» TASK REQUIREMENTS
Through to the final line, write out the records below exactly, omitting any images they contain.

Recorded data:
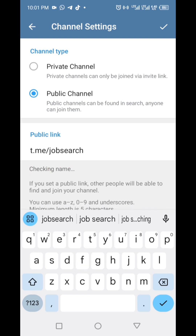Once you've entered your new link, look for a save or done button, usually located at the top or bottom of the screen. Tap that to save your changes. And there you have it — a quick and easy way to change your Telegram channel link.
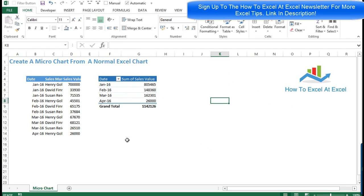To do this we make use of the camera tool. The camera tool is sometimes hidden and it's not in the default ribbon display in Excel, so a lot of people don't know that it's there, or if they do know it's there they don't really know what they'd use it for or how to use it in a very productive way — but it really is a handy tool to know.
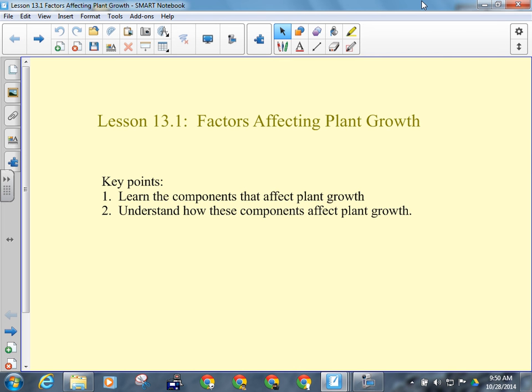Alright, so now we're going to go over the factors that affect plant growth, because tomorrow we're going to be doing that activity to design our own lab experiment that would test the effect of one of these factors on the growth of a plant.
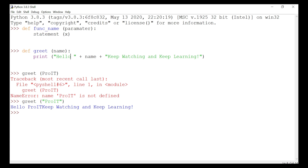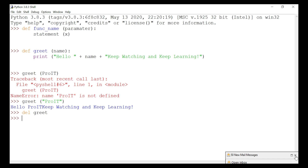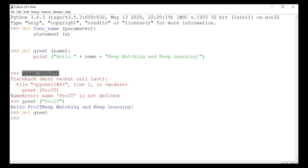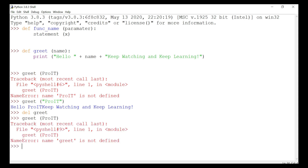If you want to delete a function, you can use the 'del' keyword. I'll type 'del greet' and hit Enter. Now if I run 'greet("Proit")' again, it gives a NameError: 'greet is not defined', confirming the function has been deleted.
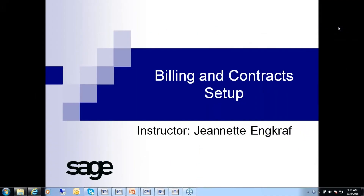Good morning everyone, and welcome to our billing session this morning. Sorry for the slight delay — we had a little technical difficulty, but I think we're okay now. On the GoToMeeting or GoToWebinar panel, you should see a handout section. There should be four documents there: the PowerPoint, a billing introduction, billing setup, and billing workflow sections. Have those printed out so you can take notes as we go through.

» EXPECTED ANSWER
Once you've entered your new link, look for a save or done button, usually located at the top or bottom of the screen. Tap that to save your changes. And there you have it — a quick and easy way to change your Telegram channel link.
To do this we make use of the camera tool. The camera tool is sometimes hidden and it's not in the default ribbon display in Excel, so a lot of people don't know that it's there, or if they do know it's there they don't really know what they'd use it for or how to use it in a very productive way — but it really is a handy tool to know.
Alright, so now we're going to go over the factors that affect plant growth, because tomorrow we're going to be doing that activity to design our own lab experiment that would test the effect of one of these factors on the growth of a plant.
If you want to delete a function, you can use the 'del' keyword. I'll type 'del greet' and hit Enter. Now if I run 'greet("Proit")' again, it gives a NameError: 'greet is not defined', confirming the function has been deleted.
Good morning everyone, and welcome to our billing session this morning. Sorry for the slight delay — we had a little technical difficulty, but I think we're okay now. On the GoToMeeting or GoToWebinar panel, you should see a handout section. There should be four documents there: the PowerPoint, a billing introduction, billing setup, and billing workflow sections. Have those printed out so you can take notes as we go through.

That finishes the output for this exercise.